Stagflation Risk: Stephen Roach Latest Economist to Sound Alarm on 70s-Style Inflation
Stephen Roach is the latest high-profile economist to sound the alarm on the risk of a 1970s-style stagflation—where economic growth falls but inflation stays stubbornly high.
The former Morgan Stanley Asia chairman told CNBC in a Sept. 29 interview that the energy price spike is inflicting major damage to struggling supply chains and that he believes the United States is “one supply chain glitch” away from a 70s-era bout of stagflation.
His remarks came as gasoline stations were running dry in Britain, power costs were surging in the European Union ahead of winter, and amid rising prices for oil, natural gas, and coal.
In the interview, Roach spoke of supply chain bottlenecks shifting from one part of the supply chain to another rather than easing, a situation he called “strikingly reminiscent of what we saw in the early 1970s” and one that “suggests that inflation will stay at these elevated levels for longer than we thought.”
“We were sort of one supply chain glitch away from stagflation,” Roach said, adding, “That seems to be playing out, unfortunately.”

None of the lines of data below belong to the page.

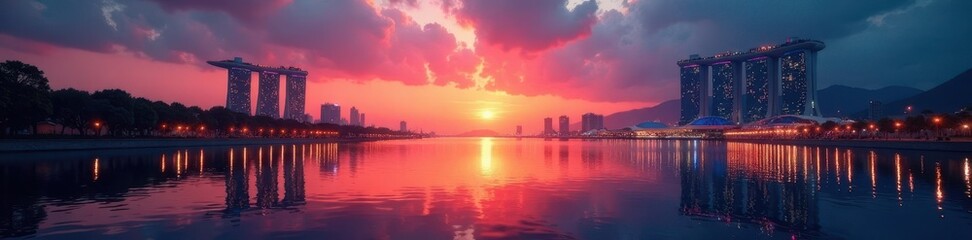 Glittering towers reflected in dark water, vibrant sunset, sunset, spectacular, magnificent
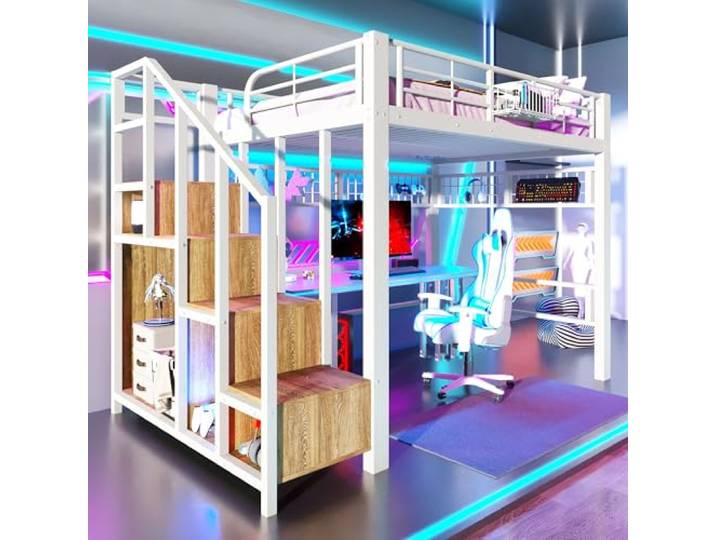 BTM Metall Hochbett 140x200 mit Stauraum, Aufhängen & LED Beleuchtung Hochbett Jugendliche mit Treppe, Weiß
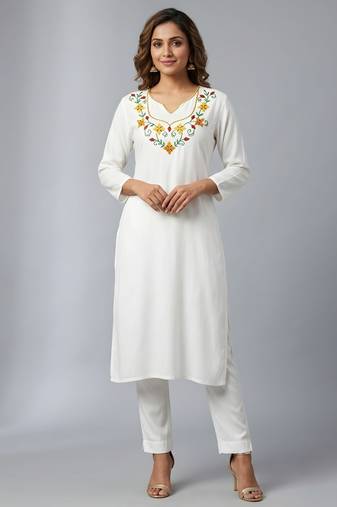 White rayon embroidered kurta set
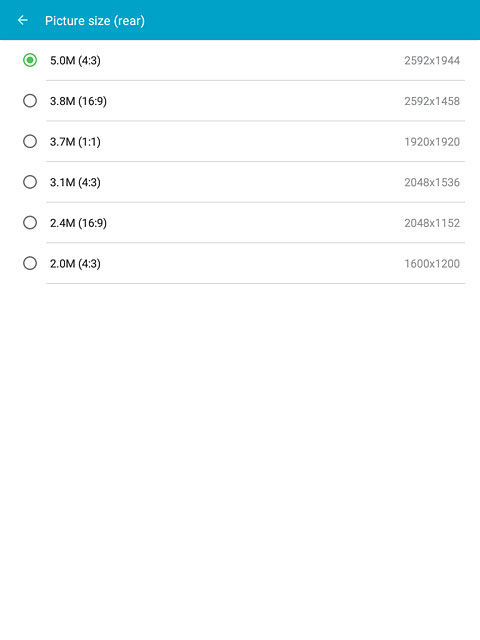 Press the required resolution.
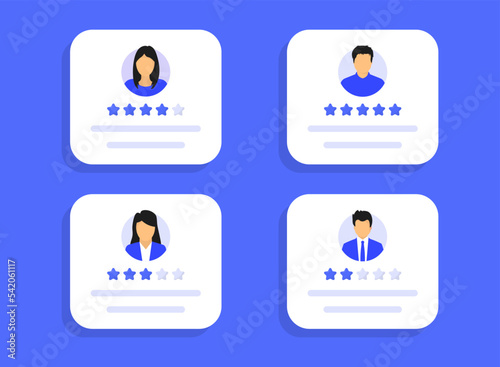 User reviews online. Customer feedback review experience rating. People giving feedback. Clients choosing satisfaction rating and leaving reviews. Online customer feedback experience rating
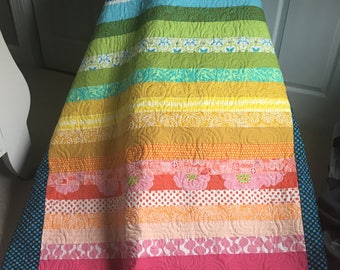 Rainbow Quilt Patchwork Blanket – 100% Cotton - Crib / Lap / Twin / Full / Queen - Made to Order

Roach took aim at the Fed’s easy money policies, arguing they were excessive, particularly in the face of persistent inflationary pressures.
While Fed officials have maintained that the current bout of inflation is temporary and will abate once supply chain dislocations abate, they have increasingly started to acknowledge that inflation has been stickier than previously thought.
“This is not the situation that we have faced for a very long time and it is one in which there is a tension between our two objectives. … Inflation is high and well above target and yet there appears to be slack in the labor market,” Federal Reserve Chair Jerome Powell said at a European Central Bank forum, with his remarks appearing to point to a stagflationary dynamic.
Surging prices have been a headline theme amid the economic recovery, rising faster than wages and eroding the purchasing power of Americans.
Core personal consumption expenditures (PCE) inflation, which excludes the volatile categories of food and fuel and is the Fed’s preferred gauge for price growth, has risen sharply in recent months, well above the central bank’s 2 percent target.
In April of this year, core PCE was 3.1 percent, rising to 3.5 percent by May and 3.6 percent in June and July, the latest months of available data from the Commerce Department.
While Fed officials have expressed concern about price pressures, they predict that the high rate of inflation is a transitory phenomenon. Still, they acknowledge there’s a risk that price pressures will be stickier than previously anticipated.
New York Federal Reserve Bank President John Williams said Monday that consumer expectations for what the rate of inflation will be several years down the road remain “well-anchored” around the Fed’s 2 percent objective, though he said there are upside risks and a “great deal of uncertainty” around the inflationary outlook.
Economist Nouriel Roubini, known for his gloomy-yet-accurate forecast of the 2008 financial crash—a prediction he made at a time of peak market exuberance—warned in a recent op-ed that the global supply chain crisis combined with high debt ratios and ultra-loose monetary and fiscal policies threaten to turn the “mild stagflation” of recent months into a full-blown stagflationary crisis.